Is Putin calling Trump’s bluff on Ukraine?

US special envoy Steve Witkoff was back in Moscow today to meet with Vladimir Putin, ahead of Donald Trump’s Friday deadline for Russia to make peace with Ukraine. This was Witkoff’s fifth meeting with Putin this year. Similar to his previous audiences with the Russian president, today’s one-on-one lasted for three hours. While broadly we know that the two will have been meeting to discuss the Ukraine war, the details or results of the meeting so far remain unknown: according to Russian presidential aides, the Kremlin will hold off from issuing public comments on what transpired until Witkoff has had a chance to brief Trump.

The President’s increasing frustration and anger with Russia’s attacks on Ukraine has been notable in the last month or so

True to its word, the Kremlin has, so far, given little away. Foreign policy aide Yuri Ushakov, who was in the room, called it ‘a very useful and constructive conversation’. And yet, before the US special envoy has even had the chance to touch down on home soil, the first signs of how constructive the discussions really were may already be emerging.

As part of Trump’s ultimatum to Putin, the US president had suggested that should the Kremlin fail to halt its invasion of Ukraine by Friday he would consider imposing further sanctions on Russia, including so-called ‘secondary sanctions’ on countries still buying Russian oil.
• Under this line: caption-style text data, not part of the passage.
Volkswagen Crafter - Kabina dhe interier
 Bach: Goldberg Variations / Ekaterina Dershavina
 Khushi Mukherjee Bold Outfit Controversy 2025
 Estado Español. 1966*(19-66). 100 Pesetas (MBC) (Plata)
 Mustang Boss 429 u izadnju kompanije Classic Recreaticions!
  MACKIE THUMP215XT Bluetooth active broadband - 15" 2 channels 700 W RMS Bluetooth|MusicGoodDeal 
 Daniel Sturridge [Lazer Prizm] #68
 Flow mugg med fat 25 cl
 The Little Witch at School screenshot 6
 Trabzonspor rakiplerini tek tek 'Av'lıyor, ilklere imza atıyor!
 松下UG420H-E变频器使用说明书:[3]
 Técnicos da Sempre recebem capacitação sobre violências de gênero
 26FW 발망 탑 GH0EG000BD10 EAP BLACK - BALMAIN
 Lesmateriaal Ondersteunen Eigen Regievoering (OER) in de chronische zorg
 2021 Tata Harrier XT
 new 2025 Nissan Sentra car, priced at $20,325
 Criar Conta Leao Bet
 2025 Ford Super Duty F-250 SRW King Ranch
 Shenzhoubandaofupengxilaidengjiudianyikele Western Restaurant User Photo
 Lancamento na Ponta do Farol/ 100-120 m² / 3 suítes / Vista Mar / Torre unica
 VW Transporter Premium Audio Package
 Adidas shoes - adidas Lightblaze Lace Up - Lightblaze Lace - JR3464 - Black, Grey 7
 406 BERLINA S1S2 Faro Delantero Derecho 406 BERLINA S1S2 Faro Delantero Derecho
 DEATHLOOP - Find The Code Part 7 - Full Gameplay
Now, mere hours after Putin and Wiktoff’s meeting ended, Trump has signed an executive order slapping India – the world’s second-largest buyer of Russian oil after China – with additional 25 per cent tariffs for ‘directly or indirectly importing Russian Federation oil’. The new duties will kick in 21 days from now.

The President’s increasing frustration and anger with Russia’s attacks on Ukraine has been notable in the last month or so, with Trump most recently calling the Kremlin’s missile attacks ‘disgusting’. 

And yet there are few signs that Putin is ready to end his ‘special military operation’. Anonymous sources from within the Kremlin have suggested that, with Russian troops slowly advancing across Russian territory, Putin doesn’t currently feel the need, or desire, to bend to Trump’s demands to stop – despite his army’s heavy troop losses. The Russian army currently controls approximately a fifth of Ukrainian territory. Putin has staked his political life – and, given Moscow’s descent into mafiocracy under his rule, potentially his actual life – on winning this war. He reportedly thinks that, were the conflict to stop now, it would be a difficult sell to the Russian public, and more importantly to the nationalist military hawks in his inner circle. 

As such, it is unlikely that Putin will move from his maximalist conditions for ending the war any time soon. We have heard the Russian president repeat these plenty of times over the past three and a half years: among them are a promise for Nato not to expand eastwards into Ukraine and the recognition of the four illegally annexed regions of Donetsk, Luhansk, Zaporizhia and Kherson as Russian. Kremlin sources have suggested that only once Russian forces have captured those four regions in their entirety will Putin be willing to seriously engage in peace negotiations.

Nevertheless, the Kremlin recognises that it has an unpredictable sparring partner in Trump. Putin has reportedly considered proposing an aerial ceasefire in Ukraine as a means of throwing the US President a bone. A pause in aerial bombardments would undoubtedly be welcomed in Ukraine, which came under a record number of drone and missile attacks from Russia last month: more than 6,000 drones were directed at Ukrainian territory by Russian troops, an increase of 16 per cent on June. Any such proposal by Putin should, however, be taken with a pinch of salt – not least because Russia has agreed to several ceasefires, including a three-day pause in May, which it subsequently went on to break.

The question now is whether Trump has the stomach to make good on his threats to sanction Russia and those still buying its oil. Will he reignite his tariff war with China by slapping it with the same Russian oil-related sanctions he has inflicted on India? The fact it was Trump who blinked first in the trade dispute that flared up between the US and China earlier this year doesn’t instill a huge amount of confidence that the American president will hold his nerve – not least when this time there is the accompanying risk of a global spike in oil prices as a result.

Trump is expected to call his Ukrainian counterpart Volodymyr Zelensky imminently to discuss Witkoff and Putin’s meeting. The ball is now firmly in the US President’s court: will he follow through with his ultimatum to crush Russia’s war machine or will he allow Putin to call his bluff?